O GATA’ki tarihi binalarının içinde 100-150 milyon Dolarlık en ileri teknoloji tıbbi makineleri vardı. Dünya’nın en ileri hastanesi iddiasındaki bir enstitü idi. Dünya’nın en iyisi olmaktan bahsediyorum. Cephede ki askerde bir güven olurdu: “Kafam kopsa GATA yerine diker.” biçiminde…
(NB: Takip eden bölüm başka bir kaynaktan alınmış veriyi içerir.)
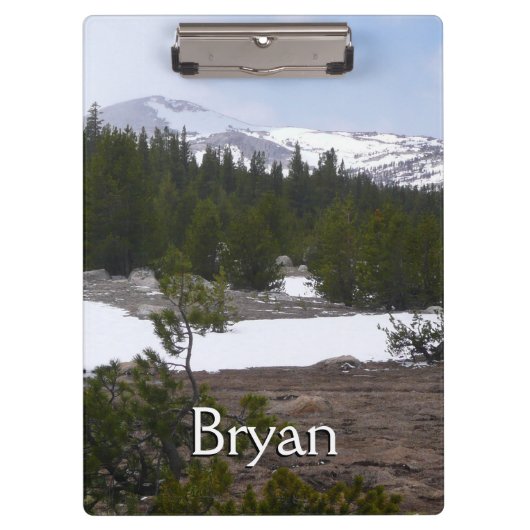 Sierra Nevada Berge und Schnee auf Yosemite Klemmbrett (Vorderseite)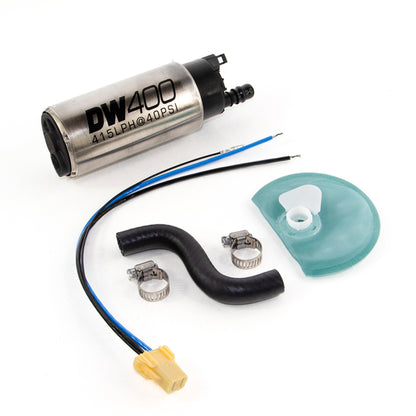 DeatschWerks 415LPH DW400 In-Tank Fuel Pump w/ 9-1044 Install Kit 85-97 Ford Mustang Cobra - eliteracefab.com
Şimdi; Domaniç, bu konuyu Türkiye’de bu biçimde ilk kez biz ele alacağız: Bundan 20 yıl evvel haberlerde “3 Şehit 6 yaralı asker” haberi verildiğinde yaralı askerlere ne olduğunu medya genellikle takip edemiyordu. Bizler de bilmiyorduk. İşin aslı şu idi; 30 yıl evvel çatışmadan ya da pusudan yaralı kurtulan her 10 askerden 8’i hayata tutunuyordu. GATA kapatıldıktan sonra bu oranın ne olduğunu duymayı haysiyetiniz kaldırmaz.
30 yıl evvel yaralı asker daha kanaması durmadan helikopter ile alınır ve hava transferi ile GATA’ya yetiştirilirdi. Ve GATA mucizesini konuştururdu.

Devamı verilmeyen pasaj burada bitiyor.